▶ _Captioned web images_
────────

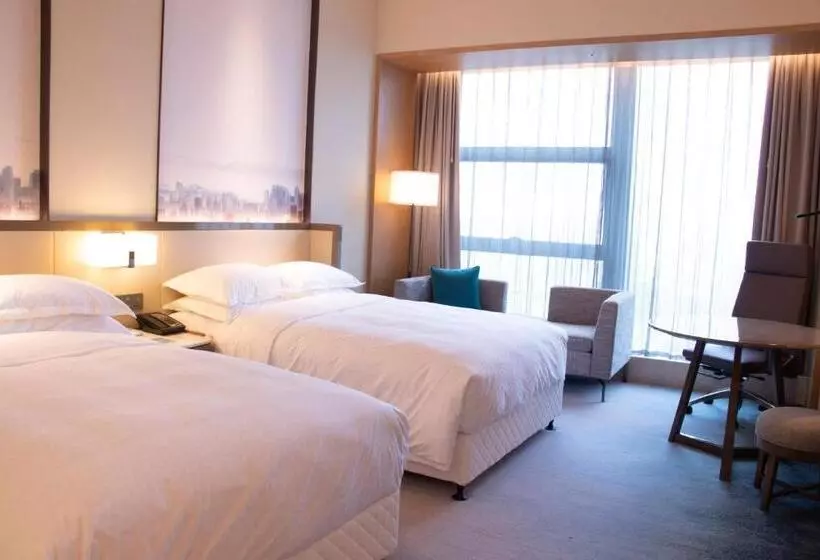 ホテル Four Points By Sheraton Wuhan, Jiangxia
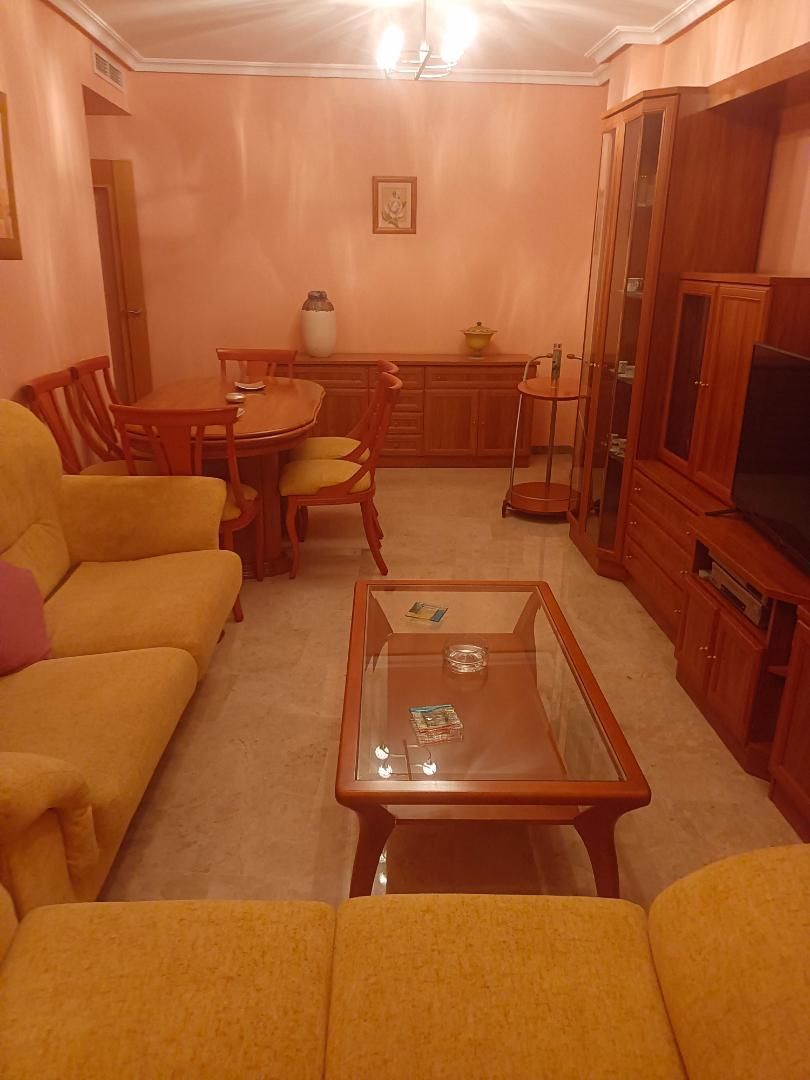 Sala d'estar de Pis en venda en Villajoyosa / La Vila Joiosa amb Aire condicionat, Calefacció i Jardí privat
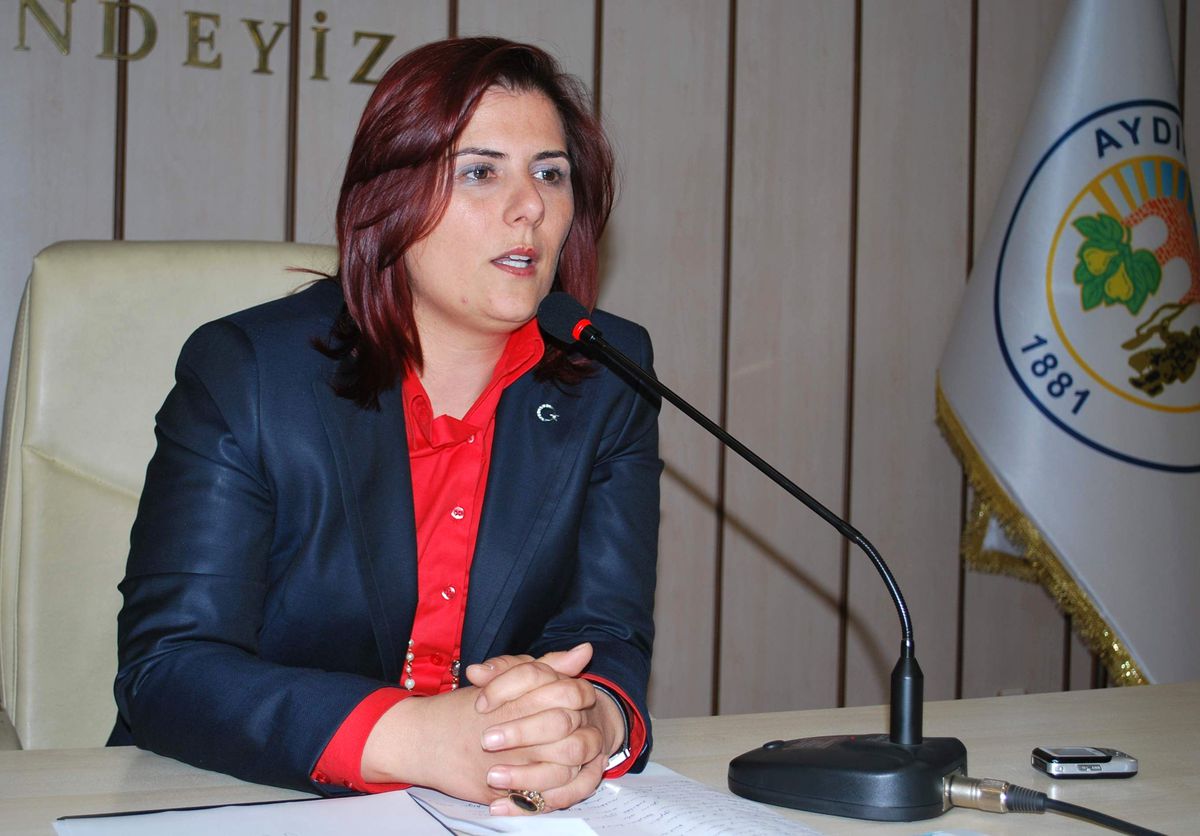 Aydın Belediye Başkanı Çerçoğlu\'ndan, Milletvekili Erdem\'in Paylaşımlarına Cevap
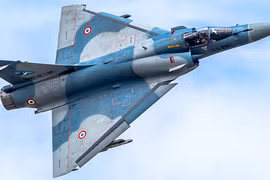 Pháp viện trợ Mirage 2000 cho Ukraine, lính đánh thuê sẽ điều khiển?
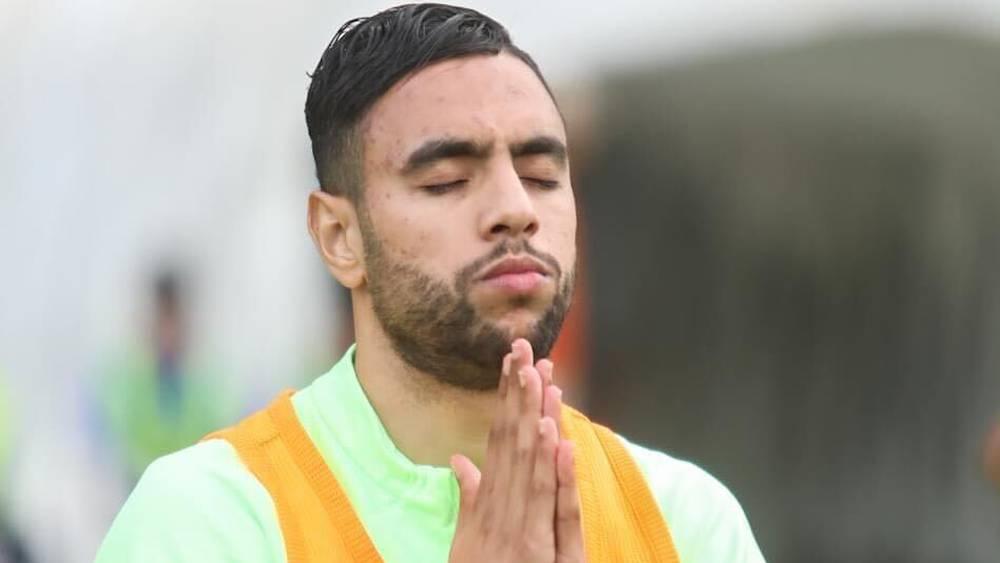 خاص/ بعد صفعة الشحات.. والدة الشيبي ترقد بإحدى مصحات البيضاء بسبب خوفها على ابنها واللاعب يقرر عدم التنازل عن القضية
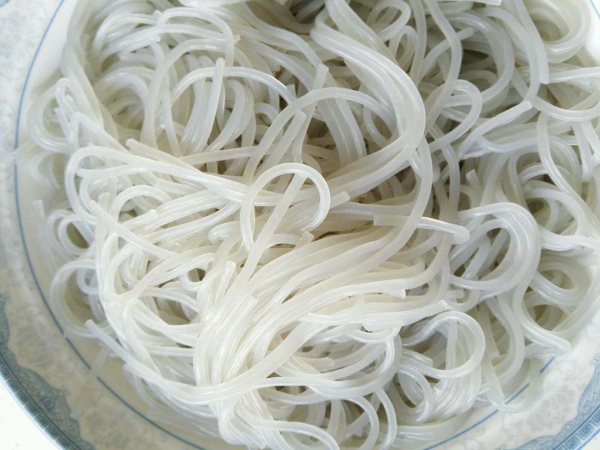 內(nèi)蒙古某鮮粉條查出鋁殘留超標(biāo)，食品安全檢測(cè)儀幫助企業(yè)解決此問題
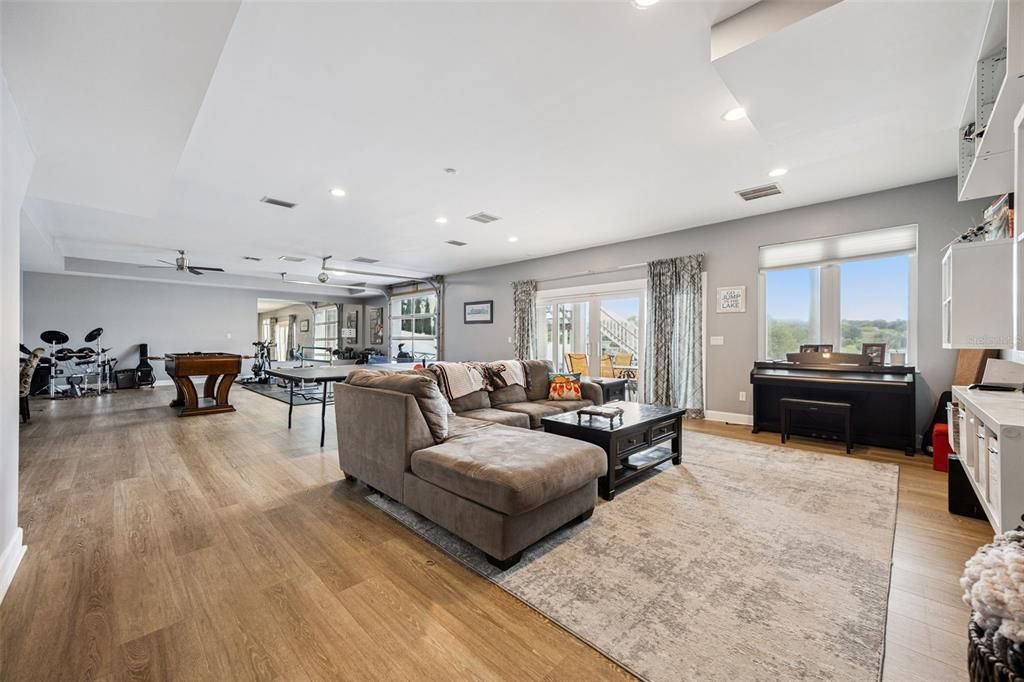 For Sale: $1,534,000 (6 beds, 4 baths, 5148 Square Feet)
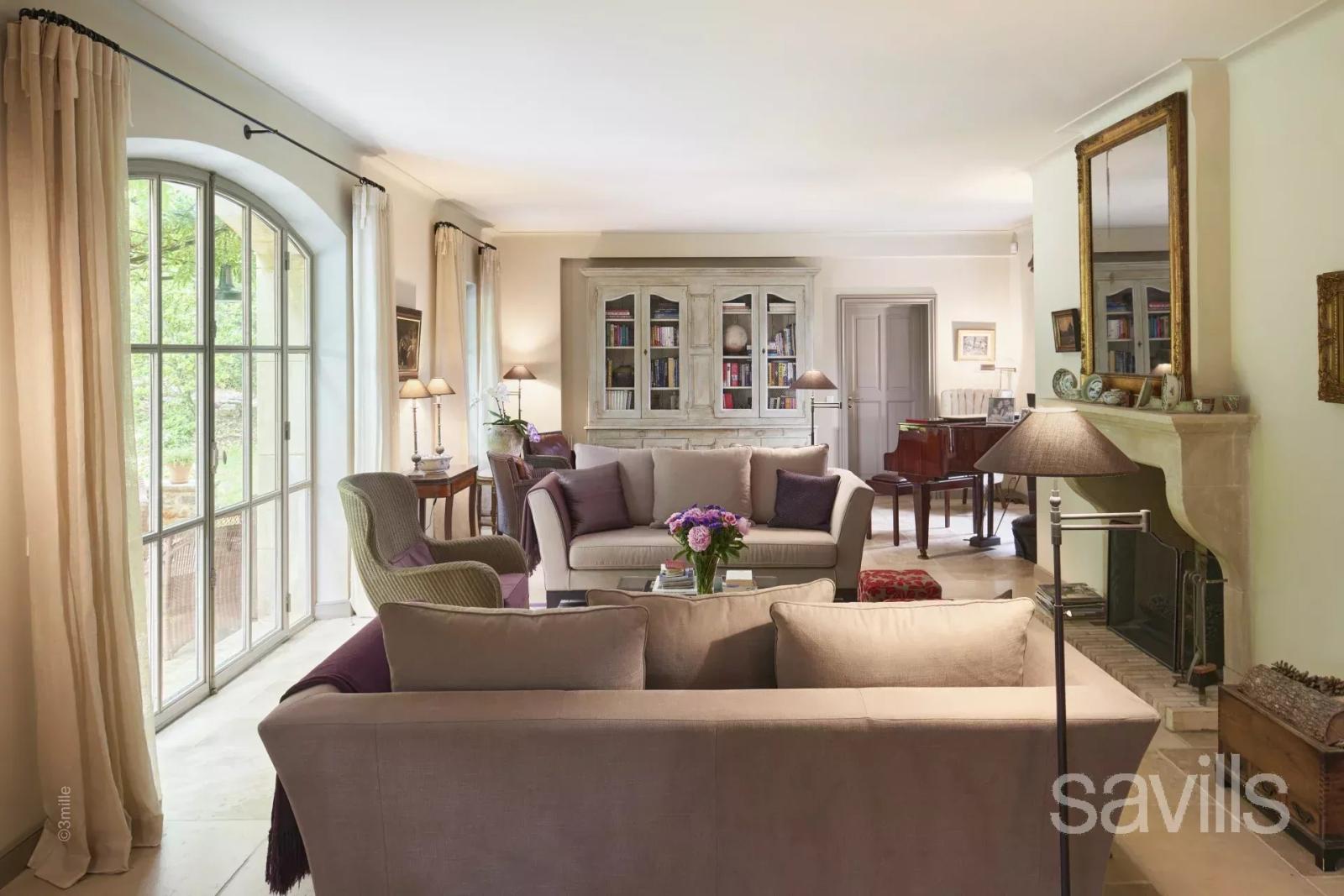 Superbe villa en pierre dans un domaine privé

────────

▶ _Work required_
What is needed is an exact reproduction of the data, pictures excluded.

▶ _Solved problem_
 ホテル Four Points By Sheraton Wuhan, Jiangxia
 Sala d'estar de Pis en venda en Villajoyosa / La Vila Joiosa amb Aire condicionat, Calefacció i Jardí privat
 Aydın Belediye Başkanı Çerçoğlu\'ndan, Milletvekili Erdem\'in Paylaşımlarına Cevap
 Pháp viện trợ Mirage 2000 cho Ukraine, lính đánh thuê sẽ điều khiển?
 خاص/ بعد صفعة الشحات.. والدة الشيبي ترقد بإحدى مصحات البيضاء بسبب خوفها على ابنها واللاعب يقرر عدم التنازل عن القضية
 內(nèi)蒙古某鮮粉條查出鋁殘留超標(biāo)，食品安全檢測(cè)儀幫助企業(yè)解決此問題
 For Sale: $1,534,000 (6 beds, 4 baths, 5148 Square Feet)
 Superbe villa en pierre dans un domaine privé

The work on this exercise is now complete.